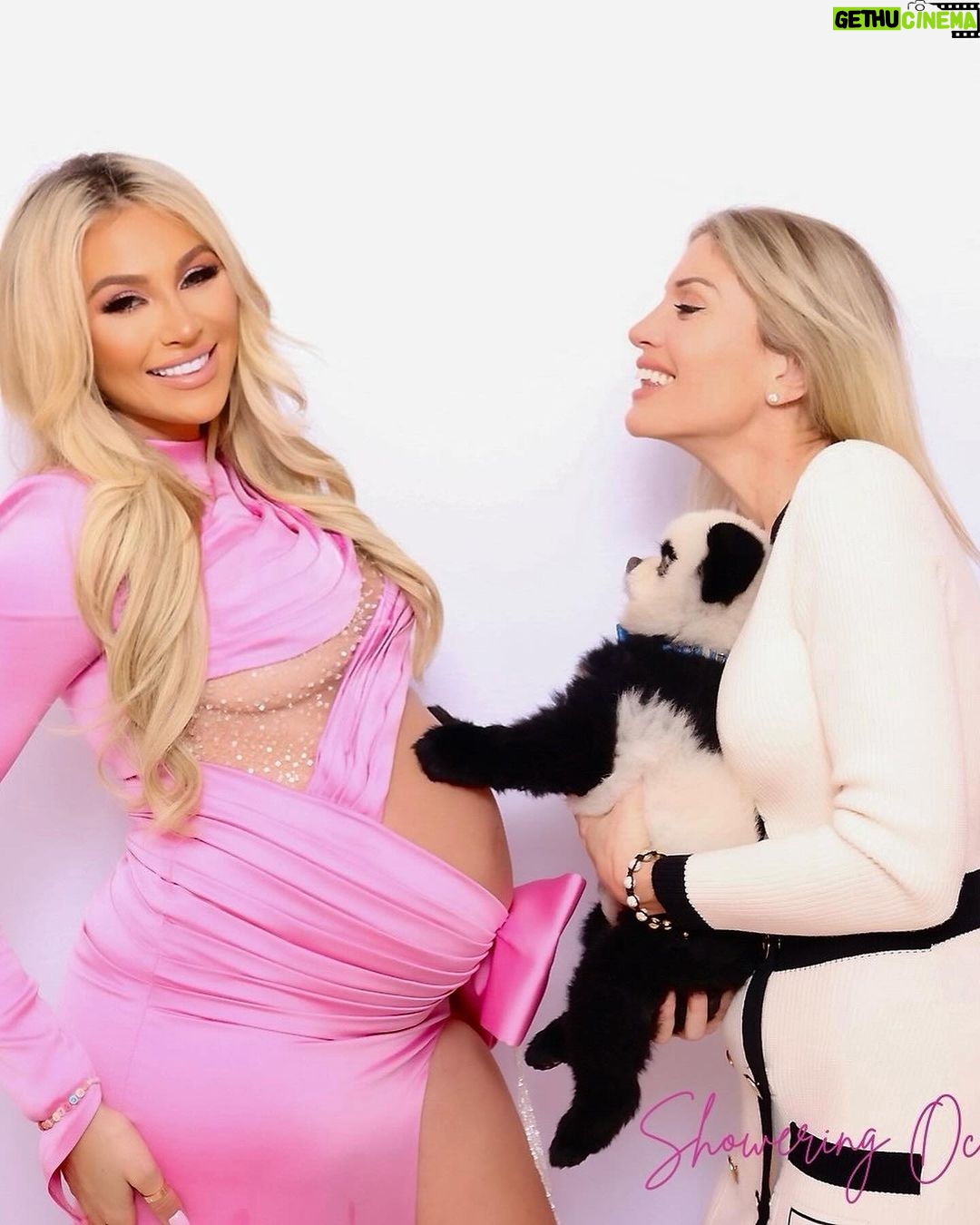 Khloë Terae Instagram - Baby Ocean Rose on board 👶💕👶 @khloe x @hofitgolanofficial Celebrating @khloe baby shower in beautiful #hermosa beach with the ultimate girl squad There together every step of the way through this magical journey. #losangeles #valifornia Special Thanks to Event Coordinator @pritynpinkproductions @Amaranthine.la Floral Arrangements @arakssa Florist @lafleurclose Meat Guy @themeatguyLA Cake @crumbles_patisserie Cookies and Strawberries @chocolatedelightsbyrima Photobooth @gray.photobooth Hermosa Beach, California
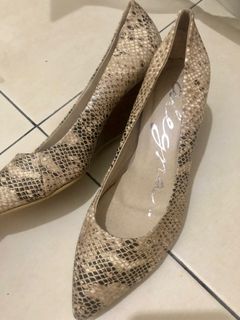 (Kategori: ) berada di . Dikirim oleh wwears (ID iklan 1364124088, Gambar 1). Deskripsi: .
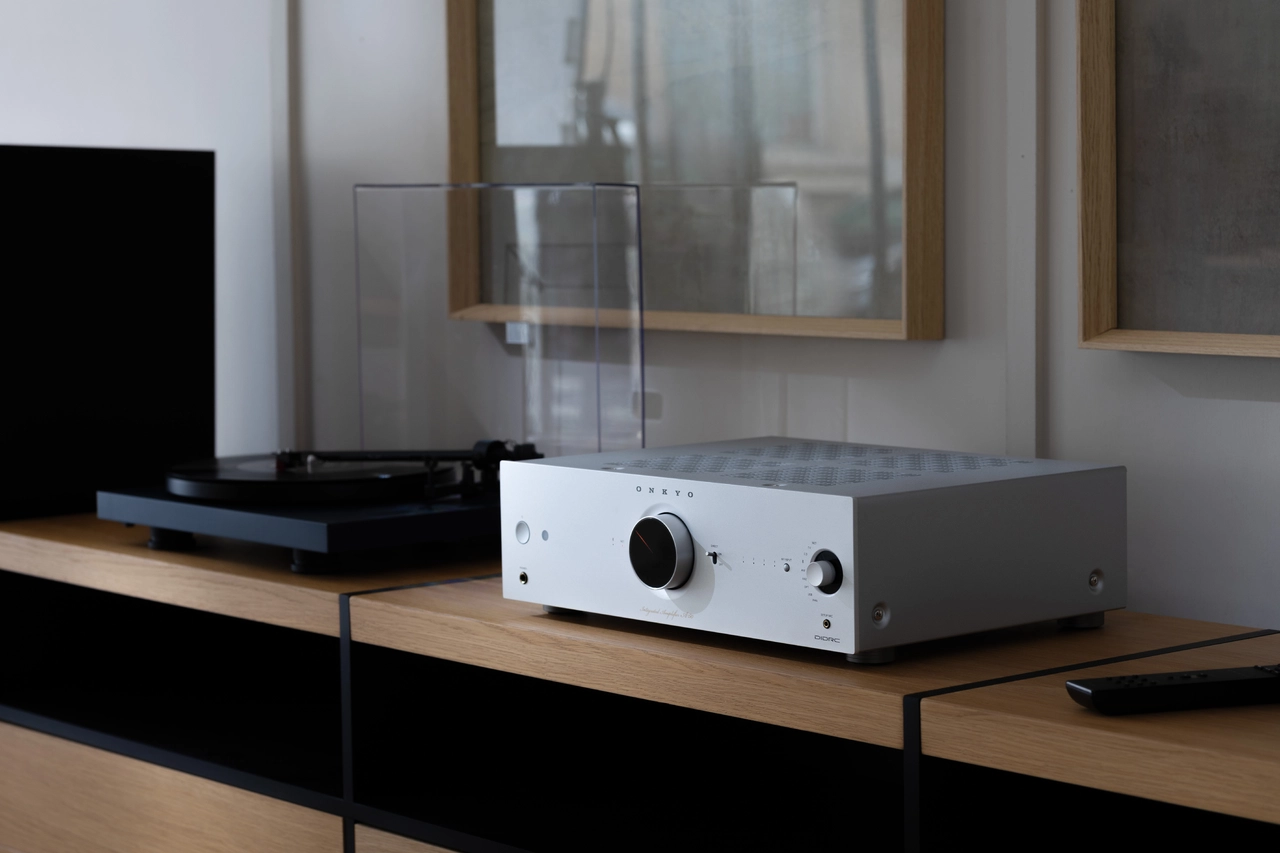 Onlyo Iconic Series A-50 integrert strømmeforsterker i sølv lifestylebilde med platespiller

** Your objective **
Restate the data word for word while omitting each picture.

** Answer to this exercise **
 Khloë Terae Instagram - Baby Ocean Rose on board 👶💕👶 @khloe x @hofitgolanofficial Celebrating @khloe baby shower in beautiful #hermosa beach with the ultimate girl squad There together every step of the way through this magical journey. #losangeles #valifornia Special Thanks to Event Coordinator @pritynpinkproductions @Amaranthine.la Floral Arrangements @arakssa Florist @lafleurclose Meat Guy @themeatguyLA Cake @crumbles_patisserie Cookies and Strawberries @chocolatedelightsbyrima Photobooth @gray.photobooth Hermosa Beach, California
 (Kategori: ) berada di . Dikirim oleh wwears (ID iklan 1364124088, Gambar 1). Deskripsi: .
 Onlyo Iconic Series A-50 integrert strømmeforsterker i sølv lifestylebilde med platespiller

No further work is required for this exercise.